There’s a game my friend and I play, where we name the ten people in the world we would want to have dinner with. Any ten people — celebrities, family members, politicians, war criminals. The only rules are that they must be alive, and they must be real (sorry, Harry Potter). Our lists change from month to month and year to year, and every once in a while we check in with each other: “Who’s sitting at your dinner table these days?”
Right now, my dinner table comprises (in no particular order): Jon Stewart, Albrecht Mayer, Elizabeth Warren (my love for her is undying), Tina Fey, John Green, Gottfried Schlaug, Yo Yo Ma, Chris Hadfield, Regina Spektor, and Bill Hader.
Beautiful, beautiful Bill Hader.
Bill Hader is the only person who has been on my dinner table roster since its conception. For those who may not know, Bill Hader is an exceptionally talented alum of the sketch-comedy bastion Saturday Night Live. He’s funny, but he’s also smart-funny: his timing, his writing, his mannerisms and versatility — his comedy is just so unbearably wonderful. Bill Hader is one of my very favorite comedians, and two weeks ago, I got to meet him.
Well, not exactly. But I got to sit in the front row of his Q&A show at my university, mere feet away from him, which was good enough for me.

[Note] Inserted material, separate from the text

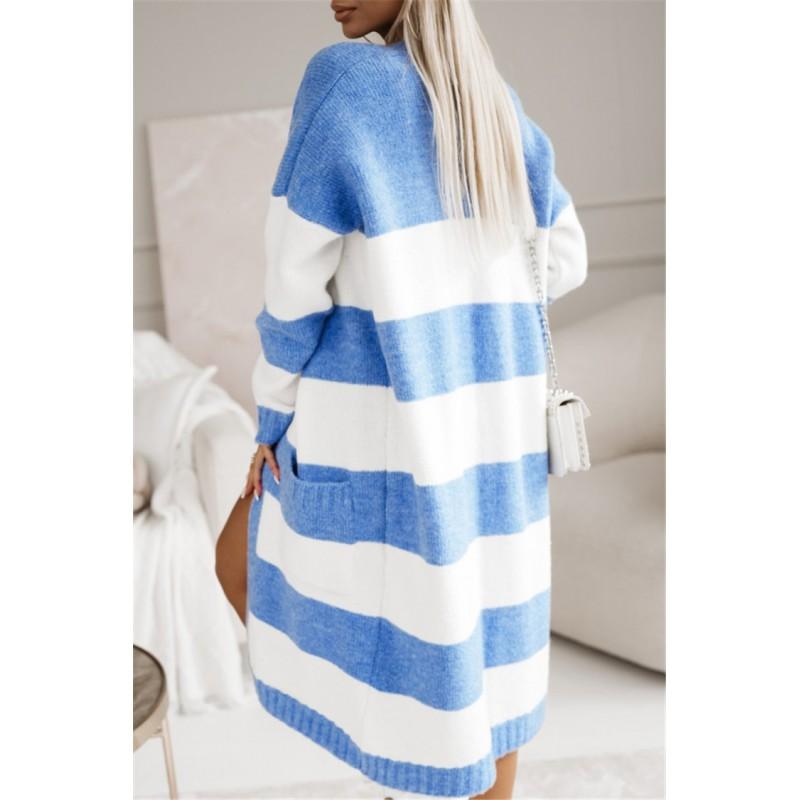 Womens Oversized Longline Knit Cardigan V-Neck Loose Fit Acrylic Wool Blend Striped Plaid Casual Sweater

I had never sat in the front row at a performance before… nor at anything, come to think of it. The front row is to be avoided: it’s the least comfortable position in a movie theater, visually and acoustically undesirable for an orchestra concert, awkward on an airplane because you can’t fit your carry-on under the nonexistent seat in front of you. But sitting in the front row at Bill Hader’s Q&A was thrilling. Eye contact and snarky comments were directed at us, just because of our proximity. There was no fourth wall: we may as well have been on stage with him. It was intimate, and exciting, and hilarious, and I left the auditorium feeling like I knew Bill Hader, almost as a friend.
And just when I thought the weekend couldn’t get any better, I managed to score a last-minute ticket to the Emerson Quartet‘s sold-out performance at Eastman the next day, from a friend who could no longer attend. The ticket was in the cheap, student-discount price bracket, and as a result was — you guessed it — in the front row.
The performance had sold out nearly a week earlier, prompting the Concert Office to arrange at the last minute for some on-stage seating. A single row of chairs enclosed three sides of the stage from behind curtained railings, and from my seat up front I could wave at friends onstage whose seats were even closer to the action than mine. Eleanor, a cellist, leaned over the divider to say hi. I asked her if she was excited.
“Hell yeah,” she replied.
The quartet strode out like superstars — calm, suave — and opened with a pair of Purcell fantasias followed by his G-minor Chacony. Also on the program were Berg‘s Lyric Suite — breathtaking — and Beethoven‘s A-minor string quartet, No. 15. Everything was executed flawlessly — would you expect anything less from a nine-time Grammy-winning ensemble? — but from the front row, there was a whole extra dimension to their flawlessness. They played beautifully, yes, but they also played honestly.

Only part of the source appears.